La scaletta contiene pezzi anche dai dischi passati, da ‘Tracce’ e ‘Otto giorni’ fino alle quasi recenti ‘Casting’ e ‘Nostalgia del futuro’. «La gente pensa a noi meno di quanto crediamo, il tempo vola via insieme a quello che perdiamo». Il tutto passando per ‘Il cronista’ (“e altre storie”, come ricorda il cd singolo che resiste al banchetto), e ‘Canzone d’odio’, se mi volto vedo tutti con un labiale precisissimo. Vedere suonare insieme a loro uno come Gigi Giancursi mi sembra perfettamente coerente, non so quanto sia temporanea la collaborazione, comunque nella mia testa idiota mi vengono ipoteticamente in mente i Blur che fanno il tour con Noel Gallagher alla chitarra, pure quello mi sembrerebbe in qualche modo coerente.
C’ero una volta io, che in questa particolare occasione sarei “il cronista”. Questa è almeno la quarta delle storie di oggi, essendo mia è quella che saprei raccontare meno bene. Non so fare il cronista di certe sensazioni, di come ascoltavo e ascolto i Mambassa, portandomi nella testa certe frasi e certe melodie che ogni tanto escono fuori e si mescolano ai piccoli momenti della piccola vita che porto in giro. Tempo fa fra un certo giro di amici collocavamo tranquillamente l’ascolto di questi ragazzi di Bra allo stesso livello degli Afterhours o cose così. Poi pensavo ai Marlene Kuntz quindi il cuneese mi pareva terra baciata dall’ispirazione. Eccetera eccetera. Comunque come al solito, tutte queste sensazioni fanno venir voglia di bere molta birra e aggirare porte e corridoi per accedere al bar anche quando chiude.
Finito il concerto conosco e parlo con Stefano Sardo e un po’ mi mancano le parole per far capire la mia maniera strana di essere legato ai Mambassa. C’è una canzone, per esempio, che mi piace tantissimo e quando la ascolto lo faccio sempre due o tre volte consecutive. ‘Capodanno del 2000’: due piccole storie, due personaggi, un incontro possibile, l’evento del millennio. L’avranno suonata tre volte in tutta la loro vita, viene dall’album più strapop e meno amato (“2M”), e forse ho decisamente sbagliato strada.

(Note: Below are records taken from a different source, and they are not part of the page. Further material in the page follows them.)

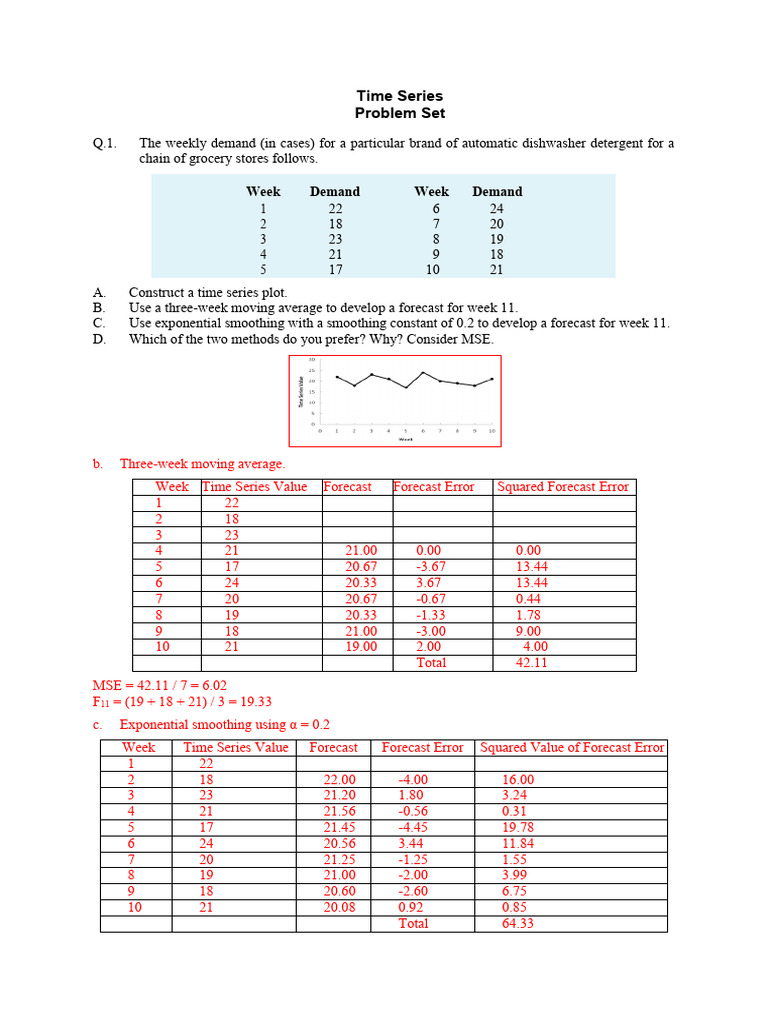 Time Series Forecasting Techniques and Analysis | PDF | Forecasting ...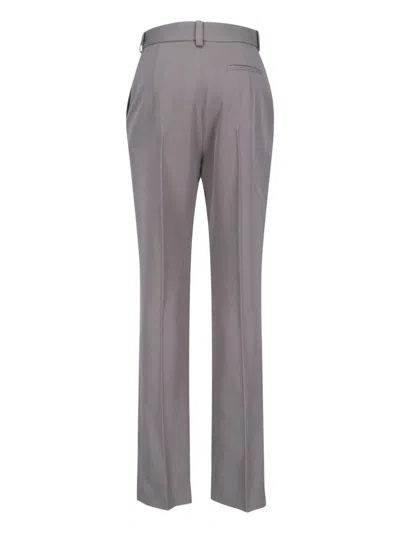 Calvin Klein Straight Leg Trousers With Belt Loops And Pockets In Gray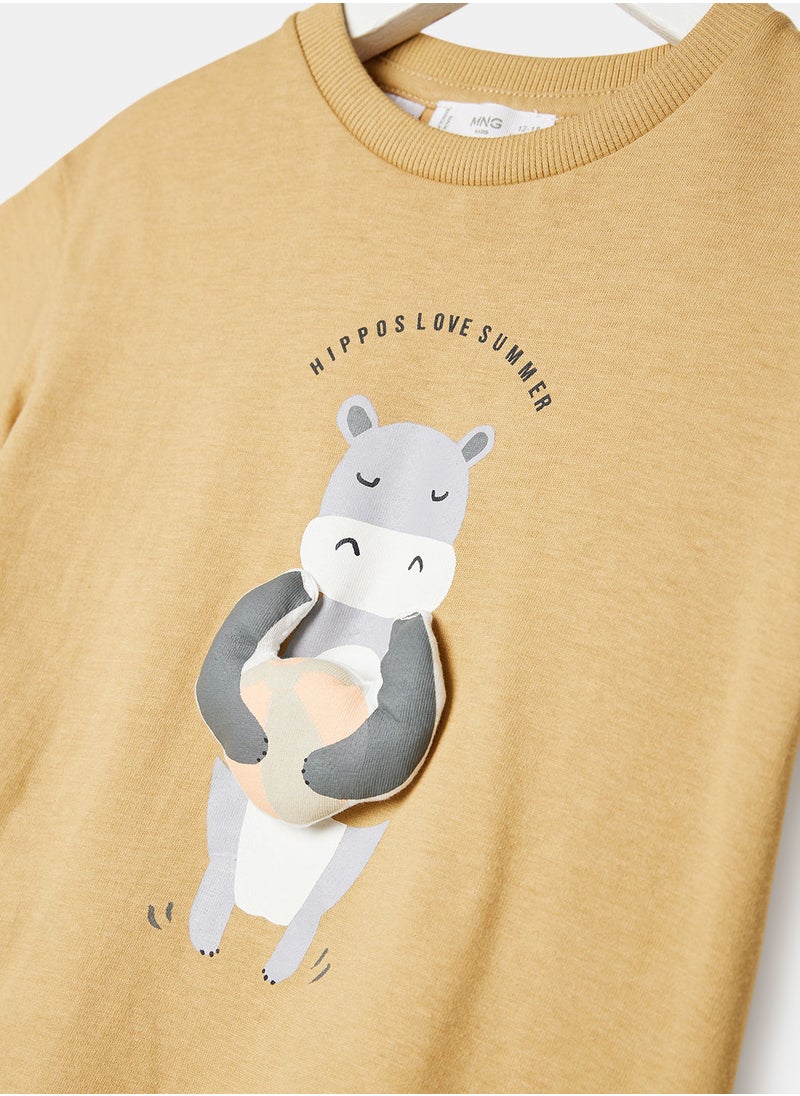 MANGO - Baby Boys Graphic T-Shirt - Image 1
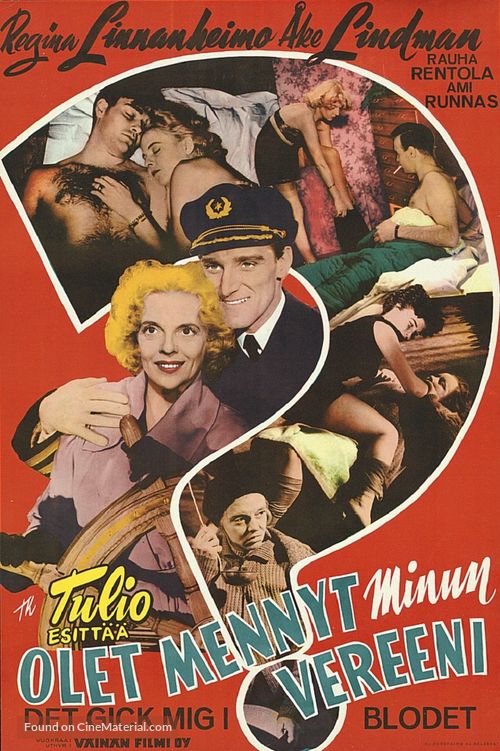 Olet mennyt minun vereeni - Finnish Movie Poster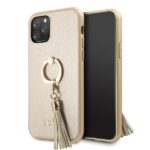Guess GUHCN58RSSABE iPhone 11 Pro beige  hard case Saffiano with ring stand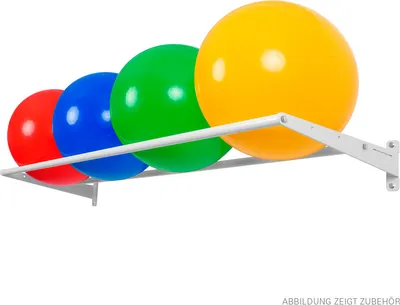 Produktbild von Wandhalterung Basismodul Ballregal Wandregal für Sporthallen, 4-tlg., 50x175 cm, Gymnastik, Gymnastikball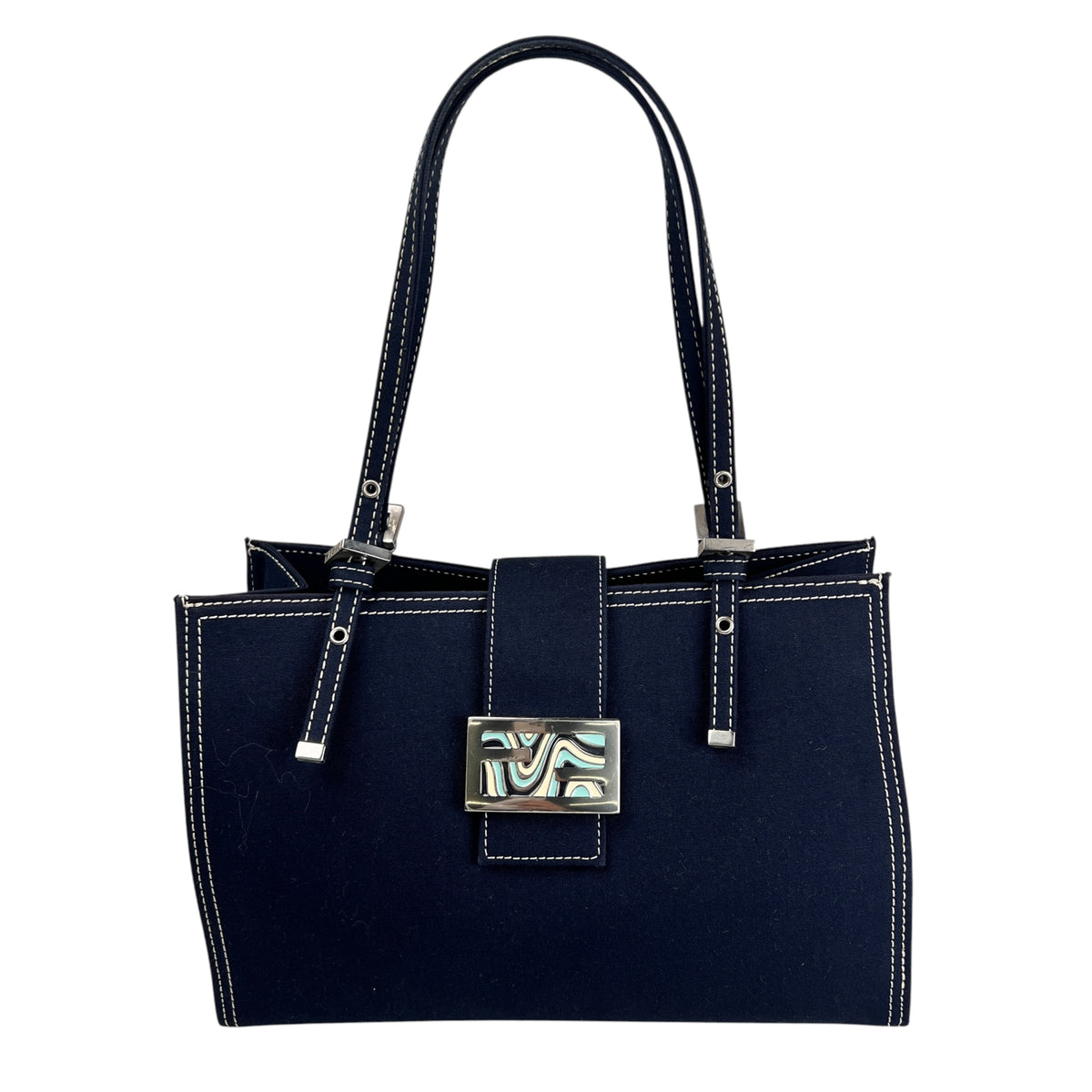 Fendi Navy Tote Bags A-17800
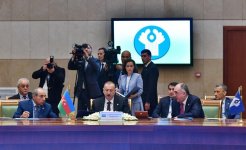 Президент Ильхам Алиев принял участие в заседании Совета глав государств СНГ в расширенном составе в Ашгабаде (ФОТО)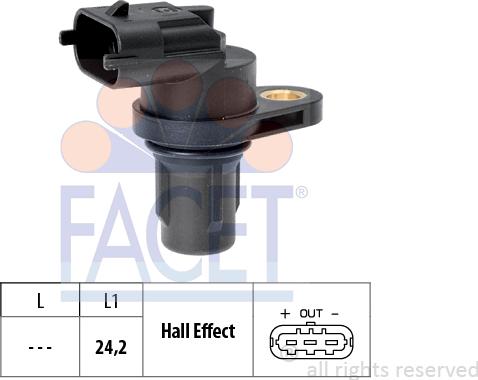 FACET 9.0387 - Датчик, положення кулачкового вала autodetail.com.ua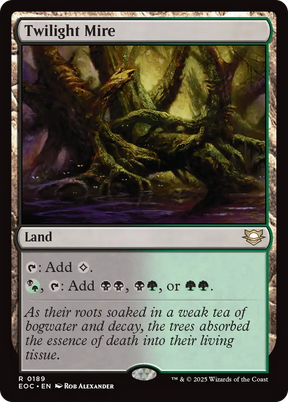 Magic: The Gathering - Twilight Mire - Edge of Eternities Commander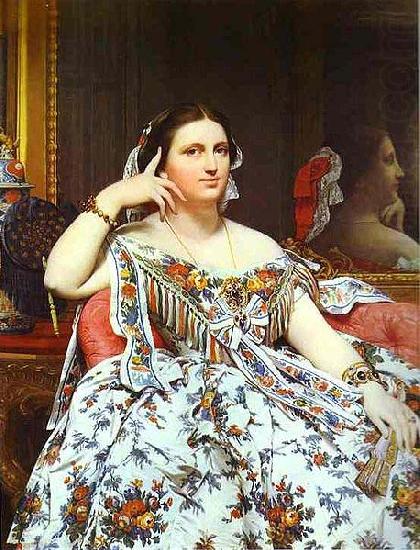 Jean Auguste Dominique Ingres Mme. Moitessier china oil painting image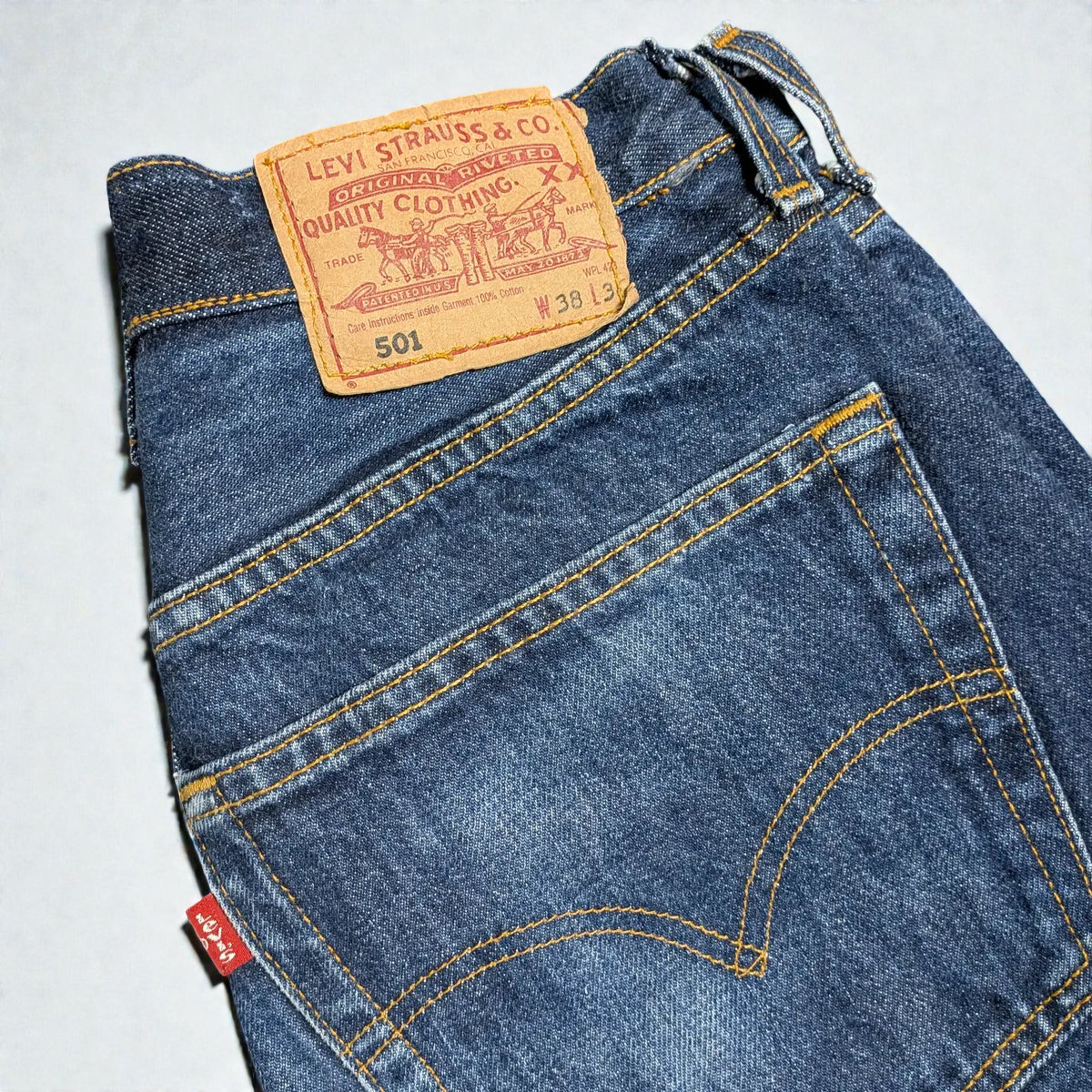 Jeans Levi's 501 a vita medio-alta in cotone - W38 L36 / M-L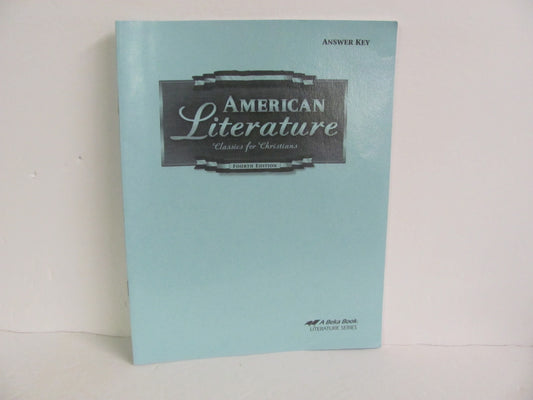American Literature Abeka Answer Key  Pre-Owned 11th Grade Reading Textbooks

Pazienza, però penso che il 31 dicembre dovrebbero ascoltarla tutti, forse si trova a malapena su Spotify. Andatela a cercare, io ho attraversato le nebbie per andare a ritrovare questi ragazzi, voi almeno fateli sti due clic. Certo è un po’ strano finire il racconto del loro concerto con questa canzone che più minore non si può e non c’entra niente e non rispecchia molto la band di oggi. Ma il capodanno si avvicina (e magari fosse quello del 2000…).
In conclusione: il fotografo ha fatto un ottimo lavoro, il cronista si è lasciato prendere la mano (e pure al banchetto dei cd ci ho dato dentro). Birre, dischi, km, non risparmio e non mi risparmio, pronto per nuove splendide nostalgie!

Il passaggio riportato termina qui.